きっと、料理もそうですよね。おいしい料理を作るには、下ごしらえが大事。もっと言えば、食材が大事。そして、良い食材を作るには、土が大事。水が大事。陽が大事。・・・・・ああ、そうだ、ここは地球。頭上で輝いているのは太陽。・・・ああ、私たちは宇宙の中にいる! ちょっと急ぎすぎたかもしれませんが、目の前のことから一気に宇宙まで拡大していきました。そして今度は、「私は、それを見ている。」と気づけば、外に向かった意識は、一気に内に向き、自分の心根が、心のあり方がこの世界に影響を与えているんだと、とても大事なんだと気づくのではないでしょうか。・・・・・レンジでチンじゃ気づけない。
前回の記事でも書きましたが、何か大きな目立つことをするのが素晴らしいのではなく、普段の生活でやっていることに注意深くあれば、それだけで意識の転換は起きるのではないでしょうか。
しっかりとした土台できている上で、思いっきり遊ぶ。それが、成熟した大人の“遊び”ではないかと想っています。私もまだまだ修行中ですが・・・・・。

そして、搬入をしながら、やっと私が戻ってきました。全く違いますね、今月。
これまで物語の中では書いてきたし、書いてる間は、私もそれを経験しているのだけど、今、本当に、重力の無いところにいるような、時間も掴めないし、思考も順序立てて考えられないという感じで、出かける予定のある日は、何度もカレンダーと時計を確認して自分の今いる位置を確かめないとダメでした。
自分はここにいてこれをしているけれど、それが、本当ではないような感じがして、もうこの世界は終わるんだと感じました。全く違う生き方が、これから始まるのだろうと思います。
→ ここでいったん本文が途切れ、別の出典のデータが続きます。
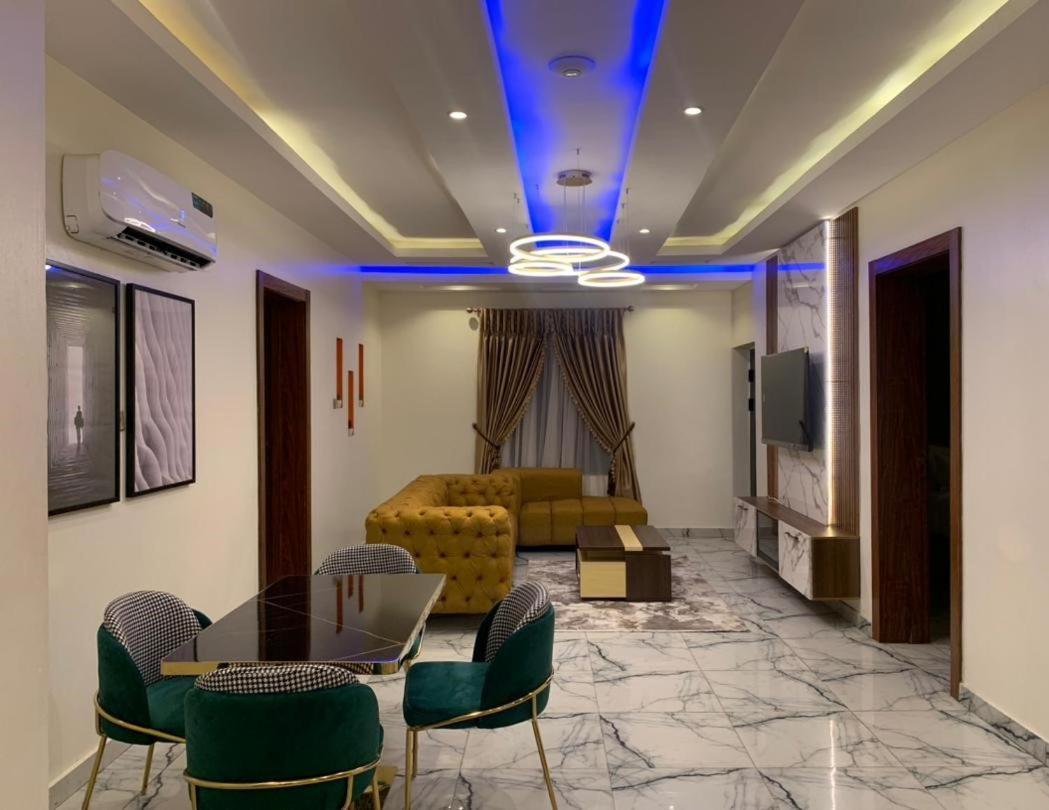 God'S Touch Apartments Remi Fani Kayode Gra. อีเคจา ภายนอก รูปภาพ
明日からはじまる個展も、一つの区切りとなるのではないかと想っています。
個展の準備も、先月には、ほとんど終わっていました。もし、終えていなかったら、こんな中、絶対にできなかっただろうと想います。そして、あと一つ何かが足りないと感じながら過ごしてきましたが、ようやく最後の最後で、ぴゅんっと飛び込んできた風景で、今回の展示会のピースが全て整い、搬入と同時に、私もちゃんと今この場所にいるという感覚が戻ってきました。
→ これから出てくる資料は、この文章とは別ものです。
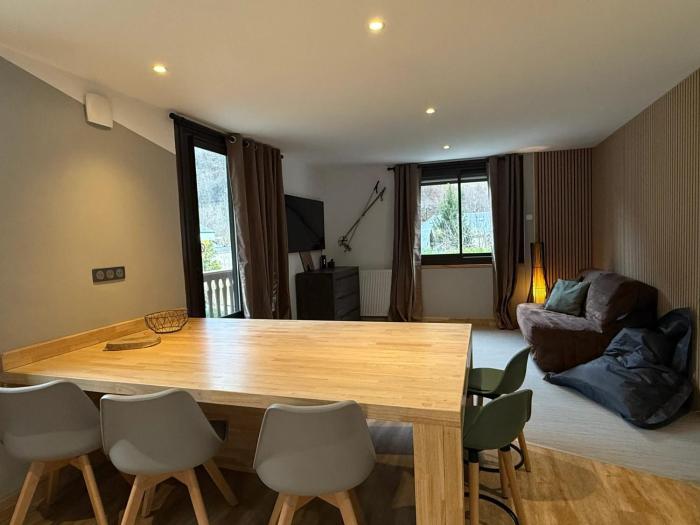 Maison cosy à Cauterets avec vue sur les montagnes et jardin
個展のタイトルは、はじめ「A Song of Twin Suns」ではなく、「Gate of Twin Suns」にしようと思っていました。でも、今年に入ってからだったか、「やっぱり、音だよね。音。」と想って、今のタイトルにしました。「宇宙はうたで満ちている」という私の感覚と、ゲートオープンという壮大な感じより、バラバラだった音が重なって一つの音を奏でるという方が、次のスタートには楽しいと想いました。

平面作品と立体作品、そこに何を見るでしょう?
色のある作品と白黒の作品、そこに何を見るでしょう?
作品と作品の間に、何を見るでしょう?
作品とそれを見る人の間に、何を見るでしょう?
作品が奏でる音、みなさんが奏でる音。それが重なったとき、どんな音が会場(空間)に響くでしょうか?
耳を使わず、聞いてみてください。
目を使わず、感じてみてください。
会場を出た後も、そうやって世界を見てみてください。
そこに何を見るでしょう?

今までにない大きなエネルギーの中での開催となります。一体どんなことになるのかわかりませんが、みなさんとこの時を過ごせたらと想っています。

 

地球の音 宇宙の音
どんなうたをうたっているだろう・・・・・?

壊れていくのは 古い世界
不安に思うのは その世界に留まりたいと思うから
勇気をもって 両手を広げよう
その時 新しい世界は その腕に抱かれよう

こっちの太陽と あっちの太陽が重なる 今この時

心に平和を
その時 道は開けます

 

それでは、みなさまのご来場お待ちしています。